The only thing that seems to have stuck is the “Teenage Mutant Ninja Turtles.” She has watched pretty much every incarnation of the Ninja Turtles, starting from the 1990 movie—which is how we recently found ourselves at a matinée showing of “Teenage Mutant Ninja Turtles: Mutant Mayhem,” the most recent Turtles filmic adventure, from Seth Rogen and Evan Goldberg. From the jump, there was something intergenerationally gratifying about this trip; I had gone to see the original T.M.N.T. film in the theatre with my parents. The filmmakers must have had viewers like me in mind. The movie’s soundtrack—which included M.O.P.’s “Ante Up,” De La Soul’s “Eye Know,” Blackstreet’s “No Diggity,” and A Tribe Called Quest’s “Can I Kick It?”—sounded like something I would have downloaded on LimeWire in my dorm room in 2001. My daughter has heard all these dad-rap songs because I play them in the car; now here we were, watching characters from both our childhoods.

I was thinking about this type of era-hopping cultural experience while listening to “Guts,” the latest album from Olivia Rodrigo, a twenty-year-old singer whose début album, “Sour,” broke streaming records back in 2021. For listeners born between, say, 1972 and 1985, “Guts” can give you the feeling of being sprayed with a nostalgia hose. There are hints of Weezer, Bikini Kill, No Doubt, Green Day, and Blondie. In a video of Rodrigo performing “All-American Bitch,” a song that borrows from the Breeders, Sleater-Kinney, and Blink-182, she wears a Fiona Apple T-shirt. “Pretty Isn’t Pretty,” the album’s penultimate track, kicks off with a riff that sounds so much like the Cure that I expected Robert Smith to barge in and sing the second half of the song.

As a rule, I don’t like these sorts of projects—the 2015 film “Dope,” about teens who obsess over nineties hip-hop, is a prime example—in which the audience is presented with a thicket of references, and the thrill lies in disentangling where certain sounds come from. It can be nice enough to have that fleeting moment of pleasant reverie over, say, the first time you listened to Mazzy Star while smoking cigarettes behind the Circle K, but I would hope that artists would have loftier ambitions than asking, Hey, do you remember that band?

The twist here is that Rodrigo does not remember that band.

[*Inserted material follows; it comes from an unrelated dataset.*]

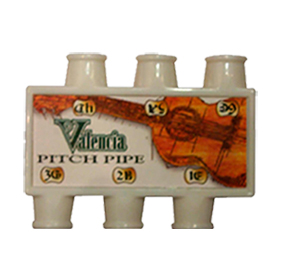 Valencia PP-6 Guitar Pitchpipes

Her music and self-presentation—she was recently photographed wearing Todd Oldham clothes from 1995, eight years before she was born—suggests that an artist does not have to live through an era to evoke it. Displaced nostalgia, of course, is a mainstay in music. If you walk into a bar in Nashville today, you’ll find men who were born during the second Bush Administration singing songs about troubles that we haven’t seen since the Great Depression.

Although Rodrigo might not be the first musician to inhabit an era that she did not live in, there is a chaos to her reference game that feels both playful and energized. Unlike Greta Van Fleet, a TikTok-famous rock band made up of twentysomethings who mimic Led Zeppelin with the same pedantic self-seriousness that Civil War reënactors devote to the Battle of Antietam, Rodrigo does not seem satisfied to just do one old thing. “Vampire,” for instance, starts out sounding like a complainy nu-metal ballad, and then quickly builds into something that sounds like it’s straight off Alanis Morissette’s “Jagged Little Pill.” Rodrigo’s work is more analogous, then, to that of Girl Talk, the d.j. who titillated sorority parties in the early twenty-tens by mashing up artists from all types of genres: Electric Light Orchestra, Lil’ Kim, Simon & Garfunkel. Where acts like Greta Van Fleet (or, to some extent, the Strokes) always gave us the feeling that they desperately wanted to be played on vinyl, Rodrigo’s music feels much more like a YouTube playlist of songs that your mom really liked when she was in college.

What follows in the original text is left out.